MATERIAL SUPPLIED -
- - - - -
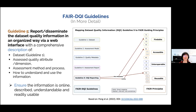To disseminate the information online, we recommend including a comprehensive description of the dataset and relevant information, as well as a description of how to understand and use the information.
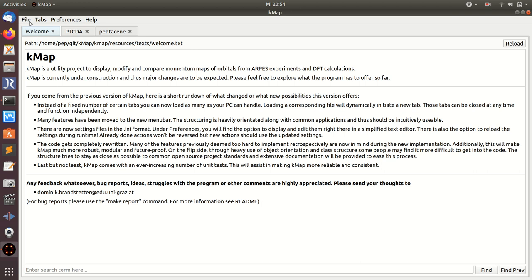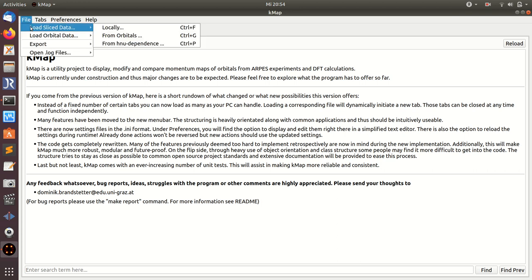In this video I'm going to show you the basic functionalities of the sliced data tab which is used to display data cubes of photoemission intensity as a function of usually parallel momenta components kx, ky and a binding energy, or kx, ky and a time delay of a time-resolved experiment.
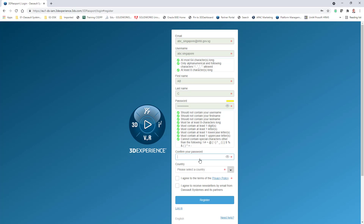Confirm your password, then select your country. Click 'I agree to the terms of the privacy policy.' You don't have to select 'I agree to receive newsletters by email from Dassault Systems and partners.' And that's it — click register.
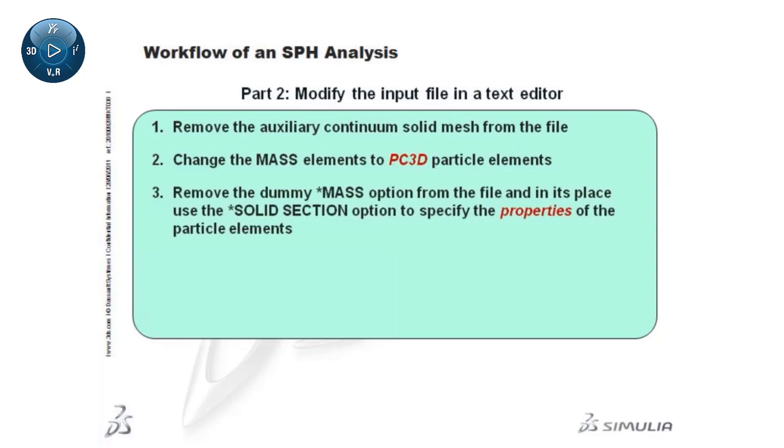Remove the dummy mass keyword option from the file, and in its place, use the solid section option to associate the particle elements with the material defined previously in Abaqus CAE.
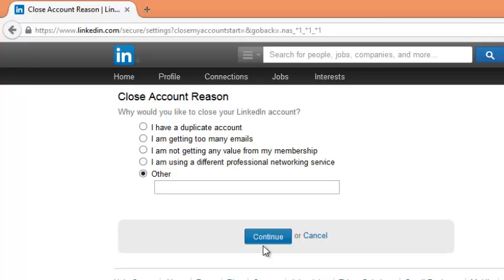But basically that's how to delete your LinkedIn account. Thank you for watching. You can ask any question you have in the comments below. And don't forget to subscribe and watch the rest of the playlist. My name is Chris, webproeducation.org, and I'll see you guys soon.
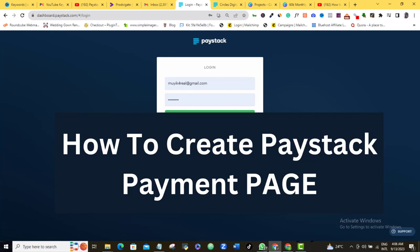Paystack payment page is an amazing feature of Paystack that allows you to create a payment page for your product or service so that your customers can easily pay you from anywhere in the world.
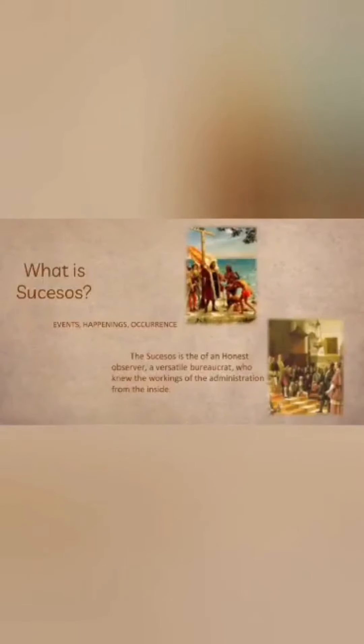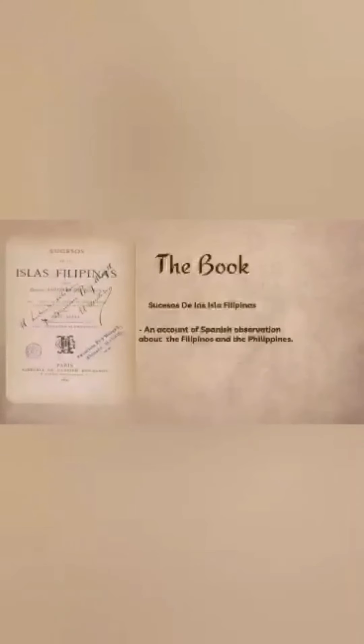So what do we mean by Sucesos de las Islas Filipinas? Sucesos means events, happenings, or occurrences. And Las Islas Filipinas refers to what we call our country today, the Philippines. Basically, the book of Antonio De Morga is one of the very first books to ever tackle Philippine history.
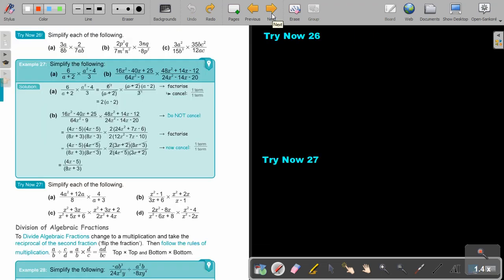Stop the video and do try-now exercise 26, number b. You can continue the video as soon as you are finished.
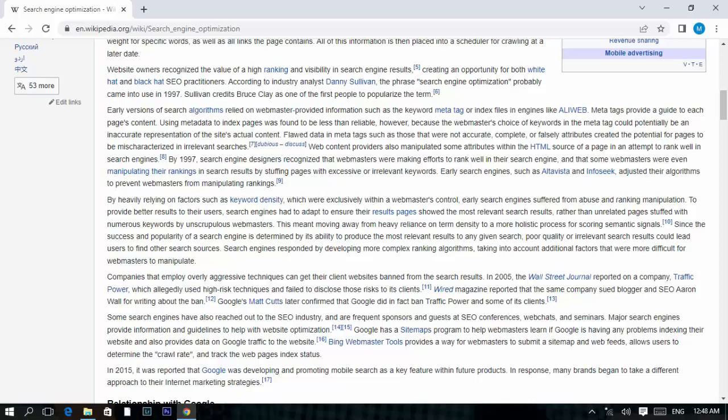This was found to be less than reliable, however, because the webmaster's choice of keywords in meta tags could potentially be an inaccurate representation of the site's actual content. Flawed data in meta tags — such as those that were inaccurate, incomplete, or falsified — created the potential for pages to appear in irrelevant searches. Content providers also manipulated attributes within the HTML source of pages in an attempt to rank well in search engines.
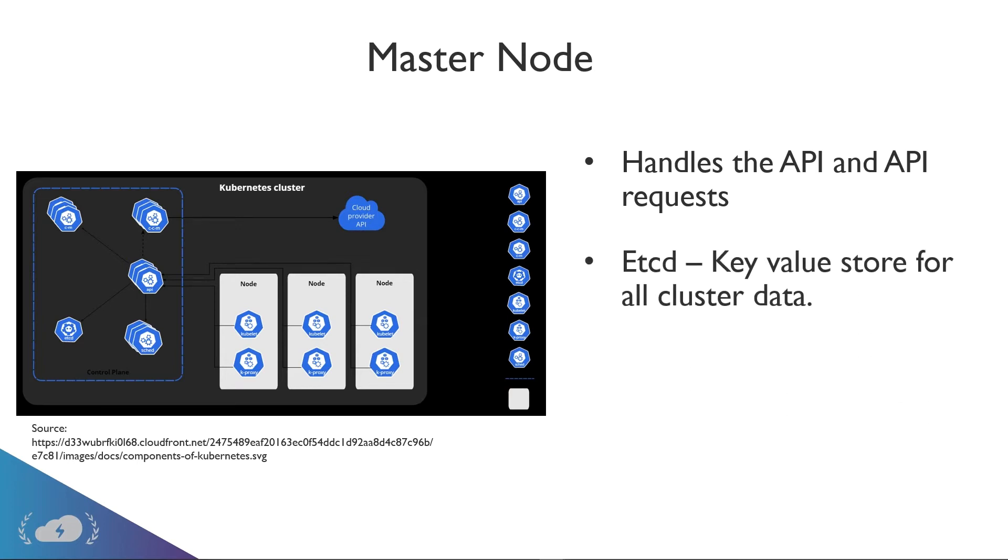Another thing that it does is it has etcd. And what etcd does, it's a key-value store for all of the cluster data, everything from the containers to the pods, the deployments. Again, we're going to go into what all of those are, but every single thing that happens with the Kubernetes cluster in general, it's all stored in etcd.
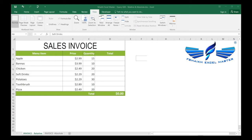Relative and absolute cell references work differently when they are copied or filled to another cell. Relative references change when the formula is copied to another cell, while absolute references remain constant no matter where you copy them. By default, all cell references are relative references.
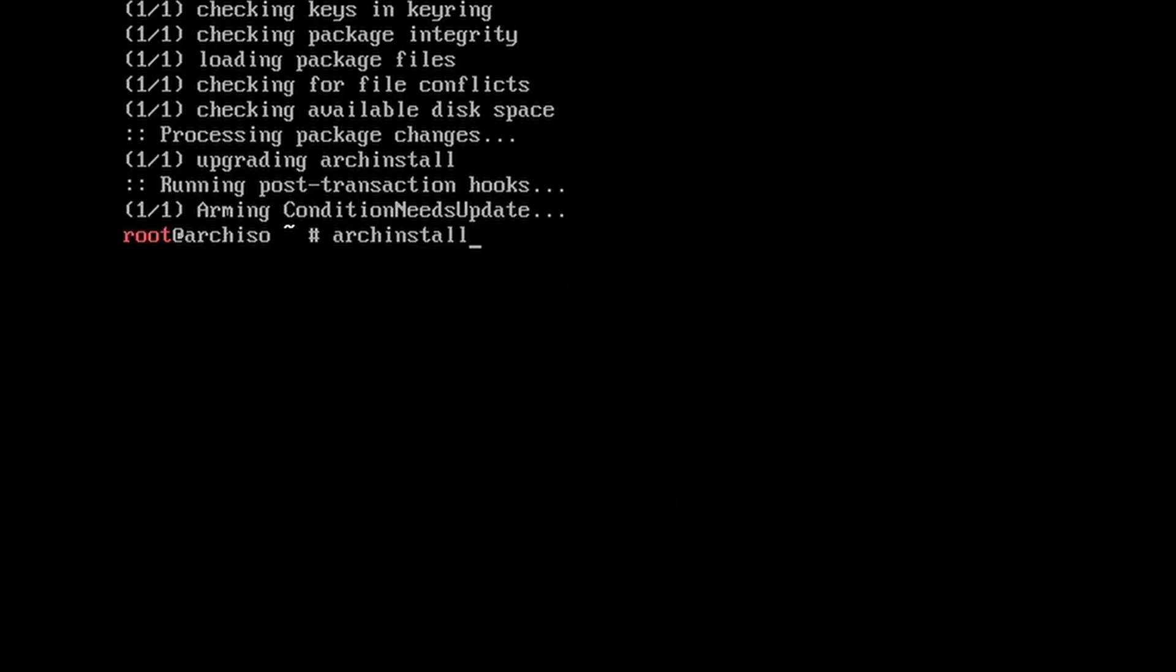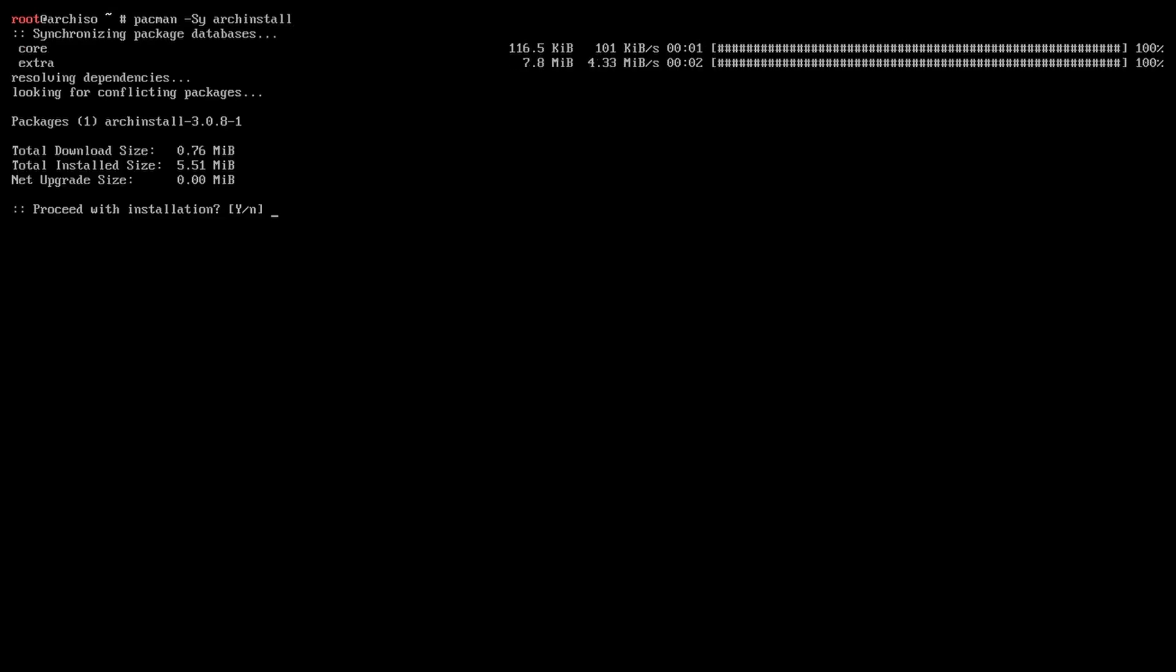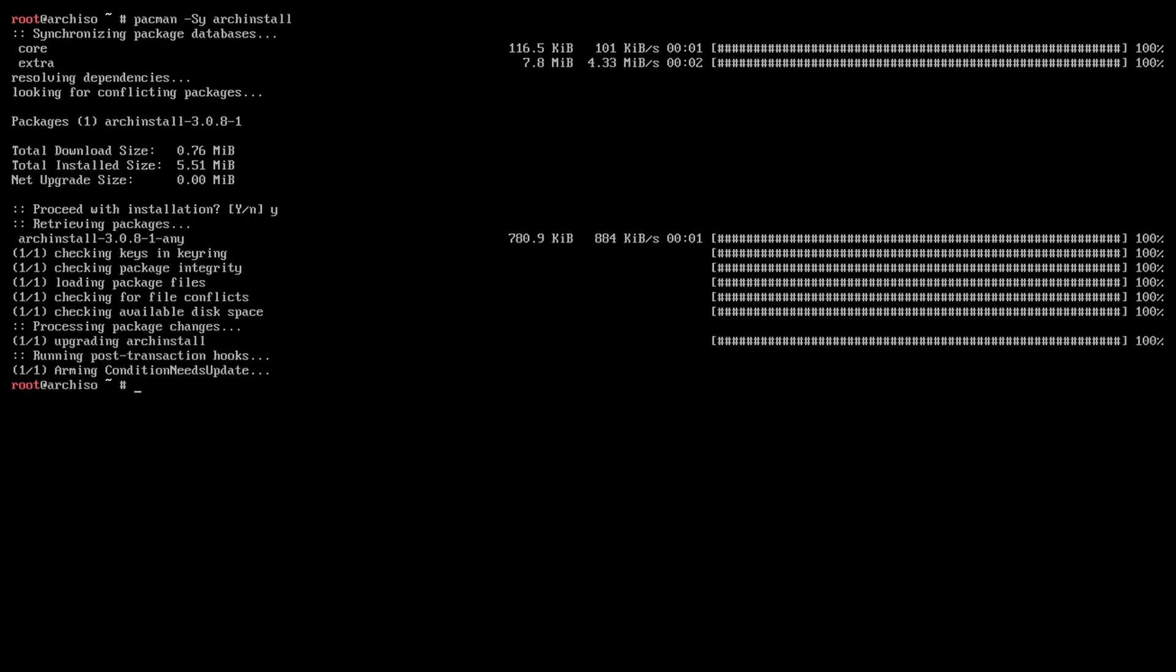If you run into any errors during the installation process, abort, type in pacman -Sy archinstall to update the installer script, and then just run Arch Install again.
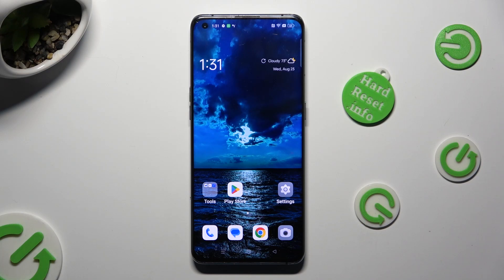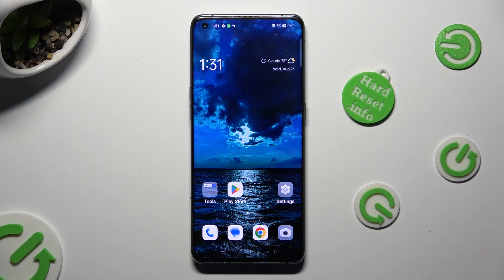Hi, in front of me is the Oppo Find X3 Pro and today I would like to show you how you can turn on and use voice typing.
- - - - -
ABOUT THIS EXERCISE -
Please repeat, exactly as written, the lines in the records above, starting with the one that has "Stop the video" and going on through the one that has "Another thing that". Pictures are to be left out.

FINAL ANSWER -
Stop the video and do try-now exercise 26, number b. You can continue the video as soon as you are finished.
This was found to be less than reliable, however, because the webmaster's choice of keywords in meta tags could potentially be an inaccurate representation of the site's actual content. Flawed data in meta tags — such as those that were inaccurate, incomplete, or falsified — created the potential for pages to appear in irrelevant searches. Content providers also manipulated attributes within the HTML source of pages in an attempt to rank well in search engines.
Another thing that it does is it has etcd. And what etcd does, it's a key-value store for all of the cluster data, everything from the containers to the pods, the deployments. Again, we're going to go into what all of those are, but every single thing that happens with the Kubernetes cluster in general, it's all stored in etcd.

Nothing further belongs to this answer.